Stop here. This is the strategy Clive tried at the seminar: Talking about his father. Now let Clive hold the photos up for a long moment, as he does for the jury. The jury will never hear about the seminar—not with how horrified everyone there was at what Ricky said. Clive got that excluded. But still, Clive sees his father in Ricky. He can’t not tell the story that way. So let him try to make the jurors do, in their minds, what he did with his father, and write the past onto the present. What he’s saying Ricky did in his mind. What I know I did in seeing my grandfather when I looked at Ricky. In the photographs, both boys—Oscar in 1964 and Jeremy in 1991—smile gap-toothed grins. They wear short-sleeved checked shirts. Their hair holds gleaming parts carefully combed by Bessie and Lorilei two long-ago mornings. “Is it coincidence or is it evidence of Ricky’s mental illness how similar these two pictures look?”

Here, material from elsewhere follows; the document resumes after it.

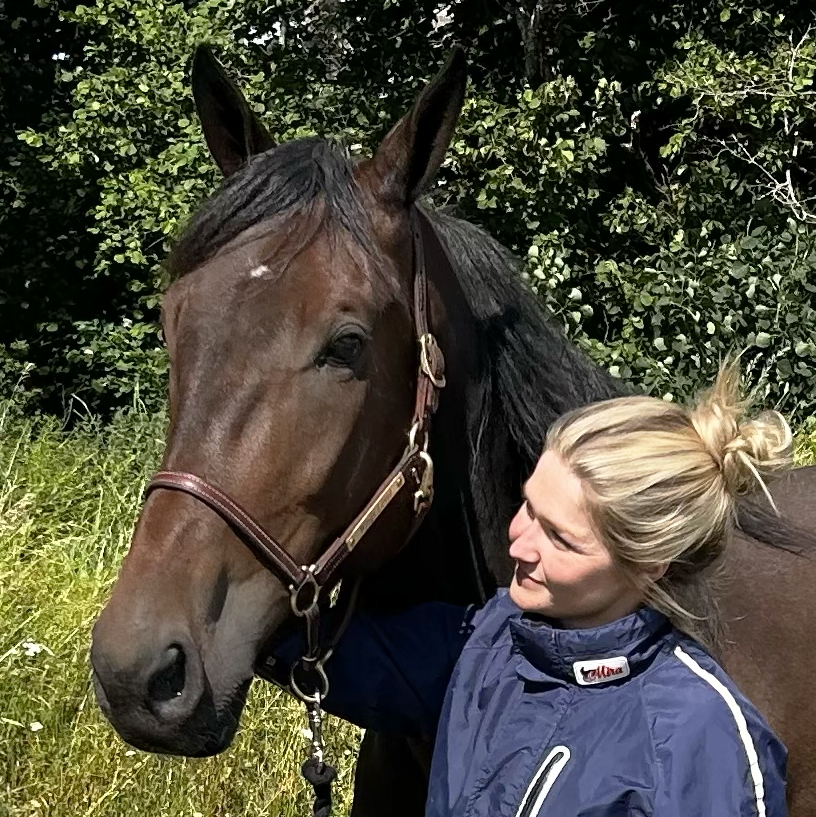 horse.staff.tranare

If Lorilei Guillory can see that Ricky deserves mercy, Clive says, then who is the jury not to? “In whose name is this trial going on? It’s not the state of Louisiana, it’s not me, this is for Truth. This is for the truth, the truth for little Jeremy Guillory. If Lorilei can see it, then we can see it, too. And Ricky is not just plain mean, Ricky is mentally ill, like my dad. Far worse than my dad.”

It is, finally, Killingsworth’s turn. One last time, Gray leaves the courtroom.

“Mr. Smith’s father isn’t on trial in this case. Mental illness is not on trial in this case. And when somebody comes up here and tries to convince sixteen individuals, sixteen citizens of this country, of mental illness that was made up in this case for your benefit, it insults me. You know, everybody can sit around and talk about oh, poor, pitiful Ricky Langley. Well, what about poor pitiful Jeremy Guillory? That’s what we really need to focus on, Jeremy Guillory, this little boy whose life was taken away on February 7, 1992, by that man.

“Pedophilia is a disease. I’m not going to sit here and try to fool you or tell you that I don’t think pedophilia is a terrible, terrible disease. It is. But pedophilia doesn’t rob a person of their ability to make a decision between what is right and wrong. And that’s what the issue is here.” Ricky’s choices in this case, she says, began when he first saw Jeremy. When he first realized that he wanted Jeremy. “He knew those choices were wrong. Because if he didn’t know those choices were wrong why in the world would he be having this conflict in his mind?” He molested Jeremy. All right, she’ll admit that they can’t prove exactly when it happened, she says, but it did. That semen on the back of Jeremy’s T-shirt—even if it transferred from the bedclothes, the stain would have had to be wet. “Use your common sense. What does that tell you?”

Ricky begins to shake in his seat, muttering to himself.

“That tells you exactly what you think it tells you. He had to ejaculate with that child.”